One was reminded that in Thailand, unlike so many other places in these
enlightened times when profit is God, that the first word in the phrase
"hospitality industry" is the more important of the two. Even in the worst of
times. Even with "ugly farangs". But again, one suspects these are
built-in qualities, made neither better nor worse by natural disasters.
We ourselves, although on vacation on this occasion, were part of another
industry that played a crucial role in this huge event. At one point, we were
dining in a large seafood restaurant when a stampede of frightened tourists
emptied the place. Apparently it was sparked by a rumor that there had been an
aftershock and another wave was headed toward the town; folks were fleeing for
high ground or the safety of a nearby hotel. We ran too - but in the opposite
direction, against the stampede, toward the alleged wave, driven by the
same instinct, perhaps, that had sucked us into the news business in the first
place, yet at the same time able to reason that the chances of another tsunami
as big as or bigger than the one we had already survived was so remote as to be
not worth discussing.
Probably the main cliche marking this tragedy of the century (so far) is "life
goes on". Ao Nang was not hit nearly as badly as nearby Phuket, Phi Phi island
or Phang Nga, or even other centers in Krabi province itself, but the wave made
an awful mess. A small river near our hotel had been thrown into reverse by the
wave and vacuumed three or four dozen boats into its mouth, and they smashed
themselves to pieces against a bridge. "One of them was a three-deck passenger
boat," a local expat told us. "There isn't a trace of it now."
The beach road was strewn with debris. The wave had washed over it, smashing
into bars and restaurants on the other side of the road and hauling the
wreckage back toward the sea. Maneuvering down
the road in the aftermath was the closest my Honda Accord has been to
off-roading.
And yet, a mere two days later, except for the pile of boats stacked up against
the bridge, which were still being removed by cranes and carted away by army
tank transporters, the town was nearly spotless. The beaches and streets had
been cleaned up by local government workers and volunteers, fed and otherwise
encouraged by local businesses; most of the buildings had been mopped up and
repaired and resupplied. The staff had returned. My two companions even went
scuba diving as soon as the waters had cleared sufficiently. New Year's Eve was
like any other, just about.
But that story didn't make the news. Our friends and families, in Thailand and
overseas, knew only what they saw on television: an endless stream of
horrifying pictures of devastation. While we calmly lolled in swimming pools or
sipped drinks on the cleaned-up beach, they were hammering out frantic e-mails
or fighting with jammed phone lines. A worried e-pal in the Canadian province
of Ontario, surprised to get a quick reply to her plea to know about my
well-being, wrote back, "I had heard the Internet was down all over Thailand."

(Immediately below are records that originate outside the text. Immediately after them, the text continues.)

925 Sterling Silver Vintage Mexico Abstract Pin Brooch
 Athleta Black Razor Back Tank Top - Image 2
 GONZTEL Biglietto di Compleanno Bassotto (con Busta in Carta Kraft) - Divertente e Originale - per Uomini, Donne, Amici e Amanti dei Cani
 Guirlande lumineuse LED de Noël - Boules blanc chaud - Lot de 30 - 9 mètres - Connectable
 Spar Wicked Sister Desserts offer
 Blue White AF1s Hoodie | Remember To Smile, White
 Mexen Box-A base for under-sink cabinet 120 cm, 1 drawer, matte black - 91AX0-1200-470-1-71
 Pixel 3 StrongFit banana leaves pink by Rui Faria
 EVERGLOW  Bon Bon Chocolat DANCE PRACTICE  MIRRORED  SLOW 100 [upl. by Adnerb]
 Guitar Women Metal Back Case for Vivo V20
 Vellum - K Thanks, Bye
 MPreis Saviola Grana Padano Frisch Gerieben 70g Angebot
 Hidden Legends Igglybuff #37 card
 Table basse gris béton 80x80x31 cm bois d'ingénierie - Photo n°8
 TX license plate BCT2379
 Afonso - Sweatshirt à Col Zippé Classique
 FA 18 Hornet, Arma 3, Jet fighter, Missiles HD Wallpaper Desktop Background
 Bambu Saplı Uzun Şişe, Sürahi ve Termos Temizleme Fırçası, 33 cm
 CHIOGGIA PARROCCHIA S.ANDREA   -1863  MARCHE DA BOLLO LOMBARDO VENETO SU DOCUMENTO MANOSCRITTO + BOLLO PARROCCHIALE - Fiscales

One cannot help wondering how long it will take the Thai government's public
relations people to realize how many potential tourists assume that the whole
country is in ruins, at least the beach resorts, when in fact only its
relatively small Andaman coast was affected.
And so, life goes on. And yet, there are all those what ifs...
Had the eons-long forces that resulted in that tectonic shift off Sumatra taken
a mere day longer, we would likely have been out on a boat exploring the
beautiful and soon-to-be-deadly Krabi coast, not sitting in our hotel dining
room eating brunch, when the first warning came. Or, we could easily not have
been in Ao Nang at all but in Phuket or Phi Phi; both had been discussed during
planning for the Christmas holiday.
Life goes on, for some of us. But not for others. And the line between us is
imperceptibly, arbitrarily, unpredictably small.
David Simmons is an Asia Times Online staffer based in Hua Hin, Thailand.